Super Rugby start brought forward, will coincide with Six Nations opening weekend

A few nice warm-up matches to get you up to speed before the internationals.

Crusaders head coach Scott Robertson celebrates his side's title win wit his now-traditional breakdance.
Crusaders head coach Scott Robertson celebrates his side's title win wit his now-traditional breakdance.
Image: Photosport/Martin Hunter/INPHO

THE 2020 SUPER rugby season has been brought forward to the last day in January, and will coincide with the Six Nations.

The opening weekend of the southern hemisphere club competition ordinarily kicks off in mid-February, but has been brought forward a fortnight and its opening weekend will coincide with the climax of tennis’ Australian Open as well as the jewel in the northern hemisphere rugby schedule.
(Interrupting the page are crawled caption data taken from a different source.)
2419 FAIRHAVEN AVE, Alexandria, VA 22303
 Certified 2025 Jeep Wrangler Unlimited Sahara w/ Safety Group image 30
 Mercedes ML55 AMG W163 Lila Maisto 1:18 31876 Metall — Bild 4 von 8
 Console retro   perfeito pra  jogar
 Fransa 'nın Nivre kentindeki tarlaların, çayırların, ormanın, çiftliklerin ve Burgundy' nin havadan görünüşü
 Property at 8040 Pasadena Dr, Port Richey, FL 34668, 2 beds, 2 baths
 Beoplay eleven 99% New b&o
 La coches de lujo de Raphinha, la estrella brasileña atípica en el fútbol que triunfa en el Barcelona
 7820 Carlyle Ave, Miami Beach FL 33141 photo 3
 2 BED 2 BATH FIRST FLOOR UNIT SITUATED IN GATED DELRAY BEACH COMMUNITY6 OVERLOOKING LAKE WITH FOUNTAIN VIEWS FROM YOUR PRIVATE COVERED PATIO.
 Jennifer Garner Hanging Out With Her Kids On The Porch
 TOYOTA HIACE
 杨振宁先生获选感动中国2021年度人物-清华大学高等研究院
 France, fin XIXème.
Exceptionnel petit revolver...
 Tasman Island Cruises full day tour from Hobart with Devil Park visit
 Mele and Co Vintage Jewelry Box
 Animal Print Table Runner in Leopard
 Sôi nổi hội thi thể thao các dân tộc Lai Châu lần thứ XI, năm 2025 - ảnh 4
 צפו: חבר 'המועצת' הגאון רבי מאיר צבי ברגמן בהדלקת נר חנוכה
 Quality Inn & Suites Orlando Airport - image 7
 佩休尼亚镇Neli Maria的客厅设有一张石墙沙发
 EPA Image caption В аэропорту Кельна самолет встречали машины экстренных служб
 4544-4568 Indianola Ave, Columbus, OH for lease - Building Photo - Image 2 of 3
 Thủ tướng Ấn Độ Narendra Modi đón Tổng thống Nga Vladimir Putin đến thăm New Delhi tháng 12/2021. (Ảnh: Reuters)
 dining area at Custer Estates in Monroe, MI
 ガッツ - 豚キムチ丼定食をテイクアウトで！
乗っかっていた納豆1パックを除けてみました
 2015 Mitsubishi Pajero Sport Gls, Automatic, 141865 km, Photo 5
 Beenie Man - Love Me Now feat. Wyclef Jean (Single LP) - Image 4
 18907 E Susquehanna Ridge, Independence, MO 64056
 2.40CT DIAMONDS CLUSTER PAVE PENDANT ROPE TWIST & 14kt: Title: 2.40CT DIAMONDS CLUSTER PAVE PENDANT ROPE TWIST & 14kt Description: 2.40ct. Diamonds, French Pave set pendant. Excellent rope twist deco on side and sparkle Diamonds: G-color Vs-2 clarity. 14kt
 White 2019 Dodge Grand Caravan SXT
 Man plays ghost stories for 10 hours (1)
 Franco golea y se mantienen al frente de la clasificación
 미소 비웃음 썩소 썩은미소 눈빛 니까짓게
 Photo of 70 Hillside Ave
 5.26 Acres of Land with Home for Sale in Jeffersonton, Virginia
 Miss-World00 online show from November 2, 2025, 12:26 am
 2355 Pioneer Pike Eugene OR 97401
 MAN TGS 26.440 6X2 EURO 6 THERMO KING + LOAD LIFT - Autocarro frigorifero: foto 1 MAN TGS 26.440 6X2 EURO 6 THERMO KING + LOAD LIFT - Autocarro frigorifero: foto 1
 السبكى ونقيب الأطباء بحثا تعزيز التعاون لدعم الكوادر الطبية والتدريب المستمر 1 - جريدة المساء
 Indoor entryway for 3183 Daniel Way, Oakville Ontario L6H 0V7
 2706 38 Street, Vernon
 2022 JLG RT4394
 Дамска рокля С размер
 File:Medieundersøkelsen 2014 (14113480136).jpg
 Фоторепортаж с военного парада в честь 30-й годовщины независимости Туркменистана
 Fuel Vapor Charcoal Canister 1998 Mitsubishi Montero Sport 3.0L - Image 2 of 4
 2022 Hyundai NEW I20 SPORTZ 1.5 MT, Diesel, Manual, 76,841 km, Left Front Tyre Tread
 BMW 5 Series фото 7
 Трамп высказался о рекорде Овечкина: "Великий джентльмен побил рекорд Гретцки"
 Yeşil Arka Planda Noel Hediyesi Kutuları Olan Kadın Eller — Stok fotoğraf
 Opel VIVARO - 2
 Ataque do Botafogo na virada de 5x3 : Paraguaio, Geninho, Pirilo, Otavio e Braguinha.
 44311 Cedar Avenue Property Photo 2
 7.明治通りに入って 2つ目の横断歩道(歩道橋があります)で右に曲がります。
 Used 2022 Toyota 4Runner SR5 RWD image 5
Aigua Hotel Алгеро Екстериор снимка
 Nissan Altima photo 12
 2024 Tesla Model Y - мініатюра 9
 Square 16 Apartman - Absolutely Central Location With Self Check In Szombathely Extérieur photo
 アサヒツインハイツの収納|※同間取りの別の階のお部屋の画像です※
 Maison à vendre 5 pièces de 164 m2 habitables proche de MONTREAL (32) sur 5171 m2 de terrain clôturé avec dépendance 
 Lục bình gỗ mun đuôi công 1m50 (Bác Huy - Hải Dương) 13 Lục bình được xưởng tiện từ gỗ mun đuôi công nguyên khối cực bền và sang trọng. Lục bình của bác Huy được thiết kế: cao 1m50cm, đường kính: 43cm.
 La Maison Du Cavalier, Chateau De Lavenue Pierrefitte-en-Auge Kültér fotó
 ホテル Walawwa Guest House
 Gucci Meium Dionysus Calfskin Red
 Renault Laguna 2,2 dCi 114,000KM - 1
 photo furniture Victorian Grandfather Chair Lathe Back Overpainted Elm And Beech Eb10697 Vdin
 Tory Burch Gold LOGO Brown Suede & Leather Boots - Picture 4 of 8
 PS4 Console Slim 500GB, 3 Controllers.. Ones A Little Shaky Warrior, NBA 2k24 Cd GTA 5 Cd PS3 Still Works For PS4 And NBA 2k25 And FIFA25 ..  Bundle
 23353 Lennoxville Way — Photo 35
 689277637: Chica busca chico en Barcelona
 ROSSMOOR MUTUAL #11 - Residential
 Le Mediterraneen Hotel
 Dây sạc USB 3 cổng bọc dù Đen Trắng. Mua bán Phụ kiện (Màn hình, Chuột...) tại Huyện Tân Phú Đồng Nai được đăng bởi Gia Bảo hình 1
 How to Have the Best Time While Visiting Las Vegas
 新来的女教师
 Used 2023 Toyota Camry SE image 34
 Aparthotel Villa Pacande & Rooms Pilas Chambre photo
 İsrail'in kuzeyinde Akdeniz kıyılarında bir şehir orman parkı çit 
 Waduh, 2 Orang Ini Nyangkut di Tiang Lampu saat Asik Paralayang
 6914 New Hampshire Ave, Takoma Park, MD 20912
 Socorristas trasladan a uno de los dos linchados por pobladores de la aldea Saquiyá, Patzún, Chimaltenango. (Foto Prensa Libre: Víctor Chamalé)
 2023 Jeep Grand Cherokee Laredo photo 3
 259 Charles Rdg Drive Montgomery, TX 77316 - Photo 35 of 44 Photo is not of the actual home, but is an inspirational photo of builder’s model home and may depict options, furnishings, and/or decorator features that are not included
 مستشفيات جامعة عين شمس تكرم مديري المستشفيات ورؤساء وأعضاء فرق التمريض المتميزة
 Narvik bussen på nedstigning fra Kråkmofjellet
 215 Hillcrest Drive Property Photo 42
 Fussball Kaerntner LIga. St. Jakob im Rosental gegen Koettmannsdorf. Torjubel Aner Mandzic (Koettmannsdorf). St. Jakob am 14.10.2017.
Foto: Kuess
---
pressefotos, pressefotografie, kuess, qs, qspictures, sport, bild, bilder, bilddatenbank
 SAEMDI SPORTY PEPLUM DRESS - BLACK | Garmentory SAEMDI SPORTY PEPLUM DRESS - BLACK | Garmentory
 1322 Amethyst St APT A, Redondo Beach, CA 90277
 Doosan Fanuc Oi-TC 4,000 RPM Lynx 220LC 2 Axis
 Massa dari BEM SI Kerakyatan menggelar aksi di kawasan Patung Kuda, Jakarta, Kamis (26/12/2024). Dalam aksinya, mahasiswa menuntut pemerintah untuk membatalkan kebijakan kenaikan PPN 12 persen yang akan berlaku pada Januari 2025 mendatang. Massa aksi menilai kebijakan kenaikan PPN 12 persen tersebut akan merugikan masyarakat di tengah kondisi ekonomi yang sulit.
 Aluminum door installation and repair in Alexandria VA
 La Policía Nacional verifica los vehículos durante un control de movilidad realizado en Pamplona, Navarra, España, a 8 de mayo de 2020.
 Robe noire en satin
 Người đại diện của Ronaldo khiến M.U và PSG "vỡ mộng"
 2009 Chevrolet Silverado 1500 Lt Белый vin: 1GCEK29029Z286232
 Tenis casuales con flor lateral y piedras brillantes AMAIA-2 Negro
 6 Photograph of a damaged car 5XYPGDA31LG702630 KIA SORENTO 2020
With the Test window pushed to July, the 2020 Super Rugby tournament will also run off without a mid-season break, which has previous been a feature in non-World Cup years.

Organisers Sanzaar say that slightly earlier kick-off times will also help create and family friendly environment.

“We believe (this) will be widely welcomed by rugby fans and will give young families an opportunity to get out and enjoy the night at the rugby,” said Rugby Australia chief executive Raelene Castle.

World Rugby have been working towards creating a ‘global season’, attempting to get  southern and northern hemisphere nations syncing up their schedules for a sport both traditionally opt to play through the winter.

A proposed 12-nation cross-hemisphere competition for 2020 faced opposition from the Six Nations and the International Rugby Players Council voiced concerns over player welfare.

Last week, after his New Zealand side defeated Tonga 92-7, head coach Steve Hansen was asked if Pacific nations need more opportunities to play serious Tests to remain competitive.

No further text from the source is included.